Thanks to Mike Pesca, host of The Gist, we now have the Post-Prudie Impact Statement. Over the course of the last seven months, Mike and I have interviewed a number of people who have written to Dear Prudence to find out if they took my advice and how they fared. Here's a sampling of these interviews (including one amazing Post-Post Prudie Impact Statement from a young man who should have listened to me in the first place!). Find out what happened to the fiftysomething widow who was going to die if she didn't get laid, the untenured professor who discovered his department chair was paying a student to have sex with him, the newlywed who discovered that at her wedding her mother was spreading false rumors that her father had molested her, and others. (I encourage anyone who has had a letter published in the column to do a Gist follow-up. Write to me at email@example.com and put Impact Statement in the subject line.)

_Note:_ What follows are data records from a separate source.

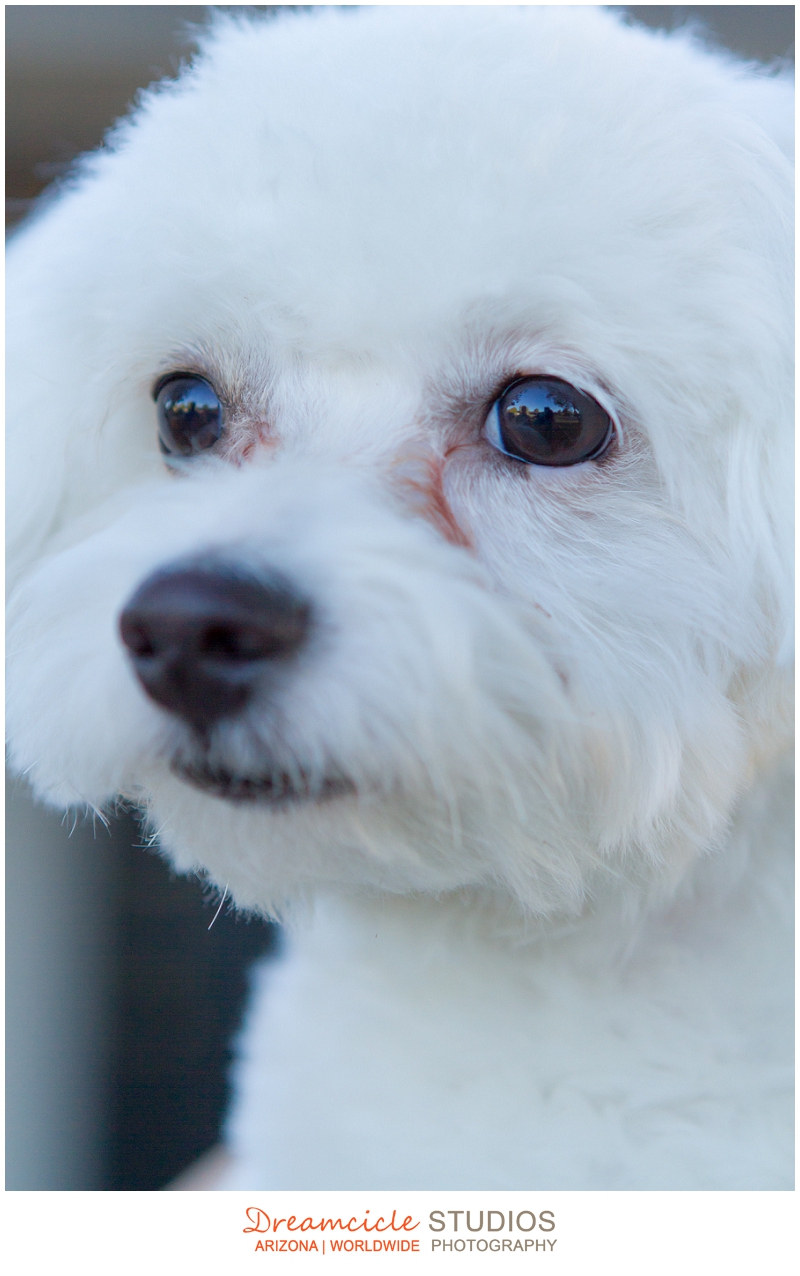 Camelback Corridor Engagement Session by Wedding Photographers Dreamcicle Studios Photography, Wedding Photography Blog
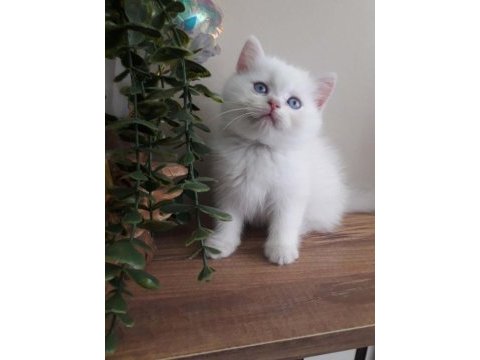 British shorthair golden point erkek
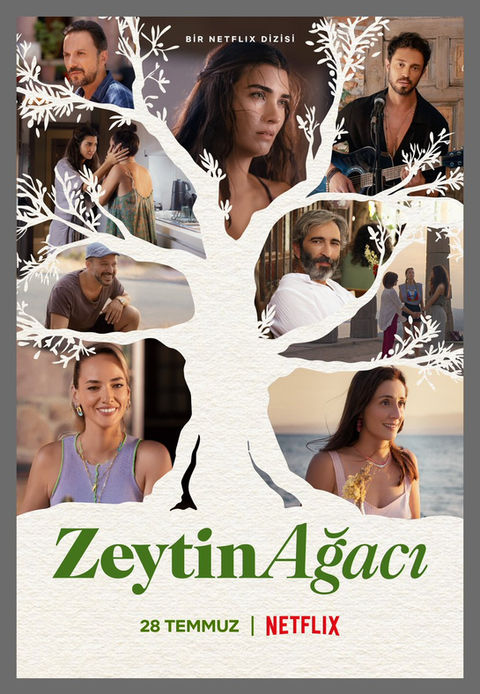 zeytin ağacı.jpeg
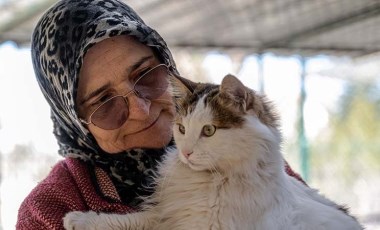 Müstakil evinin bir katını sokak kedilerine yuva yaptı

When I was in high school my parents had a nasty divorce: nasty because my mother was nasty, spreading lies, slashing tires, you name it. She never took responsibility for all the terrible things she did, but apologized generally, and we have built a decent relationship since. Or so I thought. I'm 30 years old and just found out that over the last decade my mother has been telling people my father molested me. Unbeknownst to me, she even spread this lie to guests at my wedding. The idea that people have been looking at me and at my father, with whom I am close, with that thought makes me sick. But when I confronted my mother, she denied everything and claimed these multiple people all misheard and are victimizing her. I don't want my poisonous mother in my life, but I also don't want her to keep spreading this disgusting lie. Is there anything I can do?
—Unmolested (at Least Sexually)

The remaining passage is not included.